Furthermore, this knowledge gap must be explored as the economies of petroleum-producing countries like Saudi Arabia have been impacted negatively by the fluctuating prices of crude oil, refining and gas products.20 In response to the reduction in oil prices in the international market, petroleum-producing countries have reduced their production, hoping for higher oil prices to rejuvenate their shrinking economies. However, a decline in oil production may result in shortages of ethylene and propylene, which are the major commodities produced by petrochemical companies located in this region.21 To mitigate this effect, petroleum-producing countries must adjust their production and marketing plans strategically and tactically based on price and demand variations. More importantly, they must adopt new technologies like artificial intelligence and machine-learning to predict future oil prices and integrate the operations of oil refineries and petrochemical plants to decrease feed costs, optimize the final product and meet market requirements. Therefore, research is needed to forecast the future price of crude oil and its derivatives and evaluate the cost-benefit of an integrated approach.22

In this research, the integration of an oil refinery and an ethylene producing facility is examined using an MINLP model that prioritizes maximizing ethylene and propylene production and net profit.23 To the authors' knowledge, no multi-objective model that considers production-and-profit maximization of ethylene and propylene has been developed for an integrated oil refinery-petrochemical plant. The first objective of this study was to maximize the profitability and production of ethylene and propylene in the integrated plant. The second objective was to compare the results of the profit-oriented optimization obtained in previous research with those of the multi-objective optimization. This research was invaluable to the petroleum and petrochemical industries in that the results offered insights into the feasibility of using an integrated approach to lower a plant's production and operating costs, enhance the plant's feedstock and efficiency, and boost the profitability and revenues generated from refineries and petrochemical plants.

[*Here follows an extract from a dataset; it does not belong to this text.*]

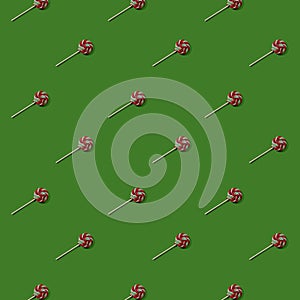 Christmas seamless pattern. Repeating lollipop on green background.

The remainder of this article is structured as follows; Section 2 provides a description of the challenge; the mathematical representation of the multi-objective model is presented in Section 3; the methodology of the case studies is discussed in Section 4; the results of the multi-objective model are analyzed and discussed in Section 5; and conclusions are provided in Section 6.


The impetus for combining refinery operations and an ethylene production plant is driven by profit maximization. The implementation of the proposed integration ensures that the oil refinery minimizes natural gas flaring and channels more intermediate petrochemical streams for productive use. Simultaneously, the ethylene production plant receives high-grade raw feedstocks from the refinery at a competitive price.

To achieve the objectives of this study, the two plants were modeled and optimized individually, and then optimization was done for the final integrated plant—three mathematical models were employed to perform the simulation using the MINLP framework. TABLE 1 illustrates the meaning of the abbreviations used in FIGS. 3–5.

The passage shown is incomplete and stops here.